* **Required work**:
Exact transcription of the data below is required, without the images.
----- Provided material -----
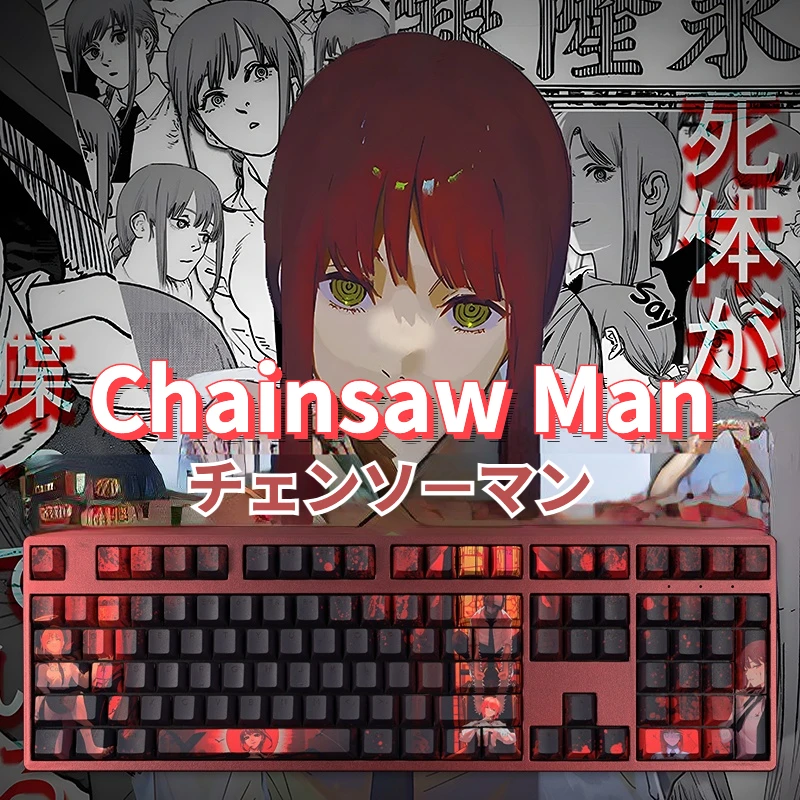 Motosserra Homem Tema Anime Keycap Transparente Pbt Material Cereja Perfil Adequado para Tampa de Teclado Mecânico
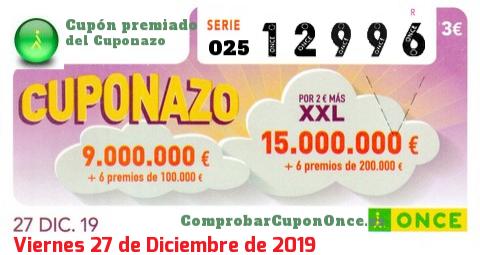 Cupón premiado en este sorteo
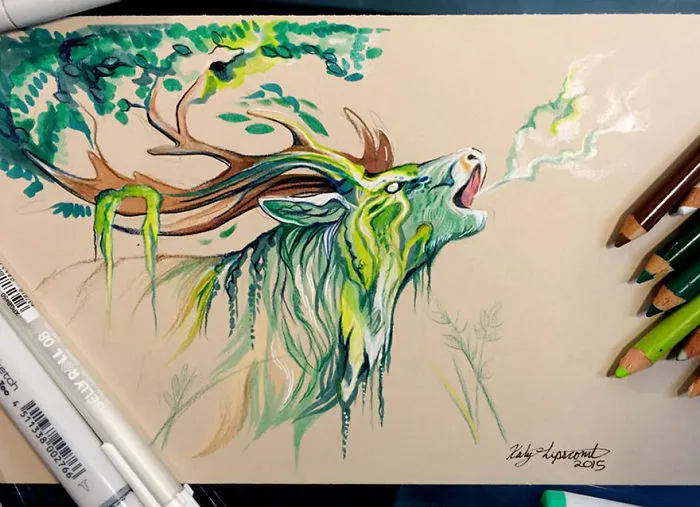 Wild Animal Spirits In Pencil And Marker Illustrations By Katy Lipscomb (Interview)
-----
* **Exercise output**:
 Motosserra Homem Tema Anime Keycap Transparente Pbt Material Cereja Perfil Adequado para Tampa de Teclado Mecânico
 Cupón premiado en este sorteo
 Wild Animal Spirits In Pencil And Marker Illustrations By Katy Lipscomb (Interview)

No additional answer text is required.